L'Académie française, en 1694, définit la nation comme l'ensemble des habitants d'un même État, d'un même pays, vivant sous les mêmes lois et utilisant le même langage.
Au xixe siècle, on ne se contente plus d'une définition et on cherche à expliquer la formation des nations. En Angleterre, Disraeli écrit que les nations ont été « créées graduellement sous des influences diverses, celles de leur organisation originelle, du climat, du sol, de la religion, des lois, des coutumes, des manières, des événements, accidents et incidents extraordinaires de leur histoire et du caractère particulier de leurs citoyens illustres » (The Spirit of Wigghism, 1836). En France, Renan met en lumière les divers éléments de cohésion de la nation : la race, la langue, l'affinité religieuse, la géographie, les intérêts économiques, les nécessités militaires ; mais il ajoute aussitôt qu'ils ne suffisent pas à créer une nation, dont le fondement est essentiellement d'ordre intellectuel et affectif : « Une nation est une âme, un principe spirituel [...], c'est l'aboutissement d'un long passé d'efforts, de sacrifices et de dévouements ; avoir des gloires communes dans le passé, une volonté commune dans le présent, avoir fait de grandes choses ensemble, vouloir en faire encore, voilà les conditions essentielles pour être un peuple » (Qu'est-ce qu'une nation ?, 1882).
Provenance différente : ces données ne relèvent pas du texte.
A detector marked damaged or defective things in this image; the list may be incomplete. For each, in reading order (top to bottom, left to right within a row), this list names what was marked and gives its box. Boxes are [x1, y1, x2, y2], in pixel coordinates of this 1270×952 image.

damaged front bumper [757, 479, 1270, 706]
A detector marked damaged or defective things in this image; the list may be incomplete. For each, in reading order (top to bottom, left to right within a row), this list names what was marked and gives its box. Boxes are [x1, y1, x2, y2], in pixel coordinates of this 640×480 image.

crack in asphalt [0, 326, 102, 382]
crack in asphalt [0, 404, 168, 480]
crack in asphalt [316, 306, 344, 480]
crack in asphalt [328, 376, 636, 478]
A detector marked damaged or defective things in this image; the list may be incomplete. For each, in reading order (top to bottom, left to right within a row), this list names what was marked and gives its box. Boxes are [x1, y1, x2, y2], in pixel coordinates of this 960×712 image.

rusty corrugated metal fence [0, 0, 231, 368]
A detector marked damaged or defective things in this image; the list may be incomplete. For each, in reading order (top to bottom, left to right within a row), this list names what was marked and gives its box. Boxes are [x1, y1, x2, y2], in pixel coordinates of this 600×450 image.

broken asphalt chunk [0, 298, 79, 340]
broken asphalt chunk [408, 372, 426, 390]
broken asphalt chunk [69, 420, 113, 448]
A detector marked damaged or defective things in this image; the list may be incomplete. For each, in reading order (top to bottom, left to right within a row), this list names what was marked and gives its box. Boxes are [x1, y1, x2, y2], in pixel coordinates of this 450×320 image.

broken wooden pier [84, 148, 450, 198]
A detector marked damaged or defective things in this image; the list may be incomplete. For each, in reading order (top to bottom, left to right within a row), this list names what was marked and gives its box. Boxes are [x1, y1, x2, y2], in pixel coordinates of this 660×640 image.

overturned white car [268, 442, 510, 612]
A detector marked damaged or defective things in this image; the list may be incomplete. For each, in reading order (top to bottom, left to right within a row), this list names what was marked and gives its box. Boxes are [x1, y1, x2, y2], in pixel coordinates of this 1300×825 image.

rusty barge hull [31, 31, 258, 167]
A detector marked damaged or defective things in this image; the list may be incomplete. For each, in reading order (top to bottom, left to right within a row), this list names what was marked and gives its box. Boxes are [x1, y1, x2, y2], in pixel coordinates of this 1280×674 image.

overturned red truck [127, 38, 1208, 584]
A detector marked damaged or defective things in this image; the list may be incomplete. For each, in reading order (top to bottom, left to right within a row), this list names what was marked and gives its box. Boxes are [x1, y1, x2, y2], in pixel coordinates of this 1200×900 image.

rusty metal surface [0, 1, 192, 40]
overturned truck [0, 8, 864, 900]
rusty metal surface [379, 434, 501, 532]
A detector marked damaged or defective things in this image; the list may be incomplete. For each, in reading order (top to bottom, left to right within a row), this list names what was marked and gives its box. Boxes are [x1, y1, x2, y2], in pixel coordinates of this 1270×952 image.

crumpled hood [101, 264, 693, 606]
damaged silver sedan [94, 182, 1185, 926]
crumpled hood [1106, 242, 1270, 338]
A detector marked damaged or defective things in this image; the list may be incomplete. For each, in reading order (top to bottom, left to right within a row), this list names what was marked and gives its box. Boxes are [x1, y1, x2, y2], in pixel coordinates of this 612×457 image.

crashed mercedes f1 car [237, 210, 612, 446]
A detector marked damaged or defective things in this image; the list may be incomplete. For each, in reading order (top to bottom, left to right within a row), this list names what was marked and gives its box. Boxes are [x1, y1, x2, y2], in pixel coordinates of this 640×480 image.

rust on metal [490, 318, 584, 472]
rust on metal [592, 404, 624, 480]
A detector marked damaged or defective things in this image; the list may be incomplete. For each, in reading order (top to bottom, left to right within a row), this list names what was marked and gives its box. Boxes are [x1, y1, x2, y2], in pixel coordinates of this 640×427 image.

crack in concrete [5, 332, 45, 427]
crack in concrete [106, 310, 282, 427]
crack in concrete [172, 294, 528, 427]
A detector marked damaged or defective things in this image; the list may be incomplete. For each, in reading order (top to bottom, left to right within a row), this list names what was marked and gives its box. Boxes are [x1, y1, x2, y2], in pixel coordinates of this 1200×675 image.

Peut-on s'étonner que Disraeli et Renan, chacun de son côté, aient donné les premières définitions rationnelles de la nation lorsqu'on sait que la France et l'Angleterre sont les plus anciennes nations d'Europe, qui se sont formées en s'opposant l'une à l'autre ? Sans nul doute, et Renan l'affirme avec juste raison, une nation peut exister « sans principe dynamique » ; mais comment ne pas reconnaître l'influence décisive qu'a eue, en France comme en Angleterre, un pouvoir monarchique dont les intérêts propres coïncidaient avec les besoins des sujets ? L'unité nationale n'était sans doute pas le premier objectif de ces monarques, mais ils […]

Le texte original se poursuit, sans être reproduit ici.